• [TASK STATEMENT]: Your answer is the lines below, exactly, from the one that contains "Surwin Betthimmel Madchen" through the one that contains "Rosa Chocolate Christening", both included.

• [DATA EXCERPTS]:
* * * * *
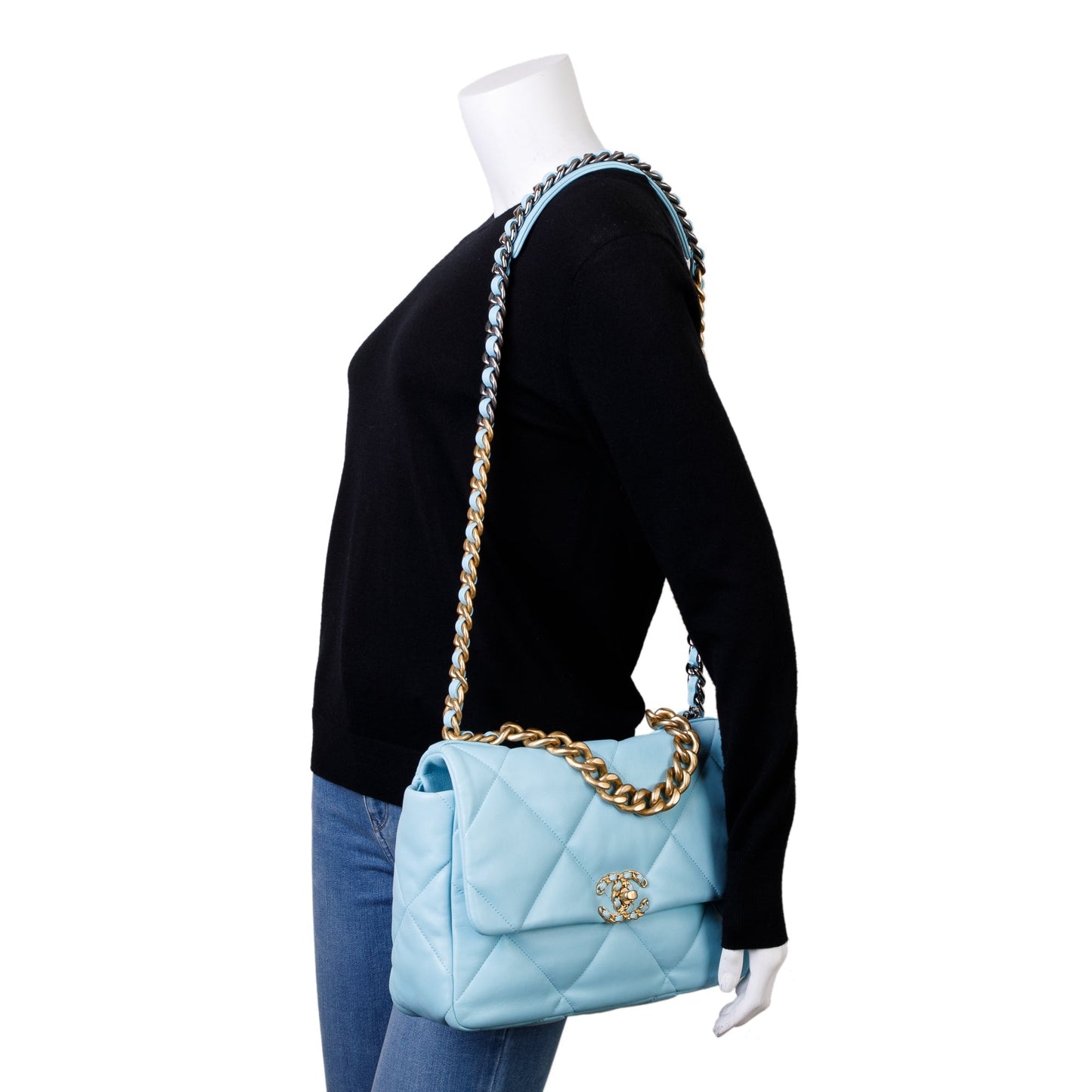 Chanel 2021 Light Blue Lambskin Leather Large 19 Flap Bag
* * * * *
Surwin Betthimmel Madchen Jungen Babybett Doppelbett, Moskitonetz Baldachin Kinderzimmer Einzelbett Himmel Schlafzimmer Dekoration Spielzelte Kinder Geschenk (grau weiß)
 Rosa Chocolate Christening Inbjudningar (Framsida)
* * * * *
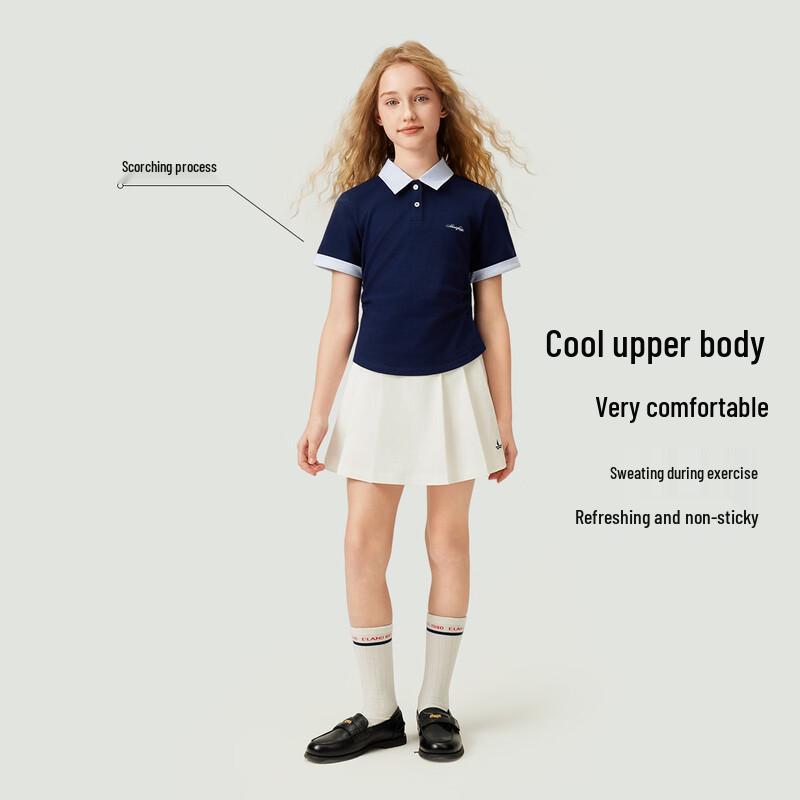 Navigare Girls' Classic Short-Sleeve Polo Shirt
* * * * *
• [EXERCISE RESULT]:
Surwin Betthimmel Madchen Jungen Babybett Doppelbett, Moskitonetz Baldachin Kinderzimmer Einzelbett Himmel Schlafzimmer Dekoration Spielzelte Kinder Geschenk (grau weiß)
 Rosa Chocolate Christening Inbjudningar (Framsida)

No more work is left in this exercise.